Veo el caso de Sheyla Espíritu, una jovencita de veintiún años que ha sido brutalmente expuesta en redes, “trasladada” en tiempo récord a otra base de trabajo… todo por “satisfacer” a una cliente mediática que utilizó irresponsablemente las redes sociales para exponerla. Y ya atemperado el revuelo, me preocupa y afecta porque ella podría ser mi hija: tiene la misma edad que mi Yamile. Entonces, me pregunto cómo ha quedado esta trabajadora luego de tan ingrata historia.

Mientras tanto, la lección cívica que podemos sacar de este desafortunado episodio es que la cortesía va y viene. Que si esperamos un trato amable de quienes tienen por trabajo brindarnos atención, a nosotros nos debería resultar más sencillo prodigárselo todos los días a seres humanos como nosotros: un buenos días a los policías, a los cajeros y cajeras de bancos y supermercados, a los señores que barren las calles. Se trata, muchas veces, de personas que laboran horas extras sin exigir reconocimiento por miedo a perder su trabajo y cuyos empleadores poca importancia dan al tiempo en familia que cualquiera necesita.

Sheyla trabaja todos los días encerrada en una caseta, y quizás la rutina y el cansancio la hayan sobrepasado alguna vez.
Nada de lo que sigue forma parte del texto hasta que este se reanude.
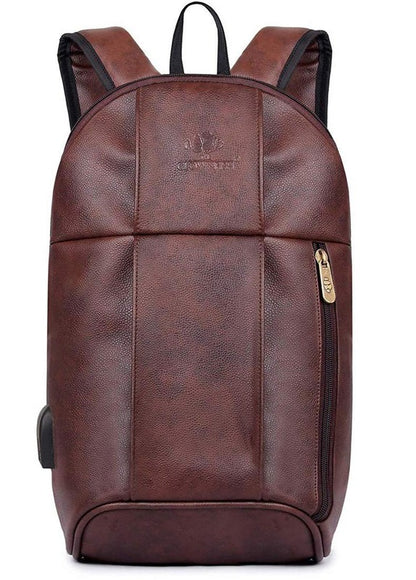 Clownfish Skylar Series Backpack - Laptop Friendly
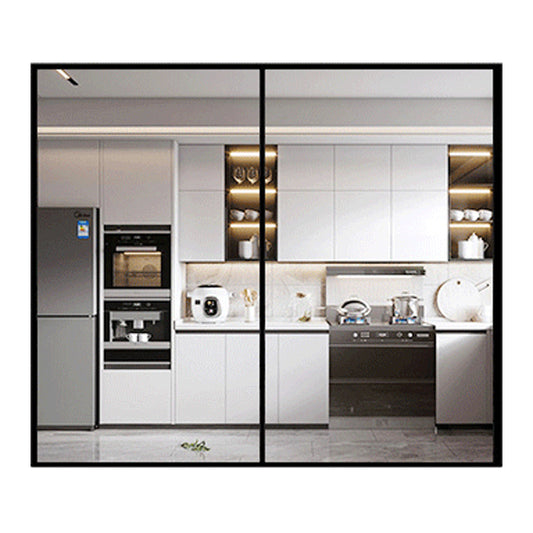 MCMS-Kongxin Modern Sliding Glass Door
Todos somos seres humanos.

La periodista denunció “maltrato”. Habría que pensar un poco en qué tan humano es subir la imagen de una muchacha con la intención de exponerla a escarnio público. ¿Exponer a Sheyla Espíritu, que nunca fue una persona pública, no es acaso maltrato psicológico?

¿Dónde está el movimiento “Ni una menos”? ¿Por qué no se manifiesta en estos casos? ¿Es que no le resulta conveniente? Y usted, señorita periodista, ¿está satisfecha? ¿Consiguió su objetivo?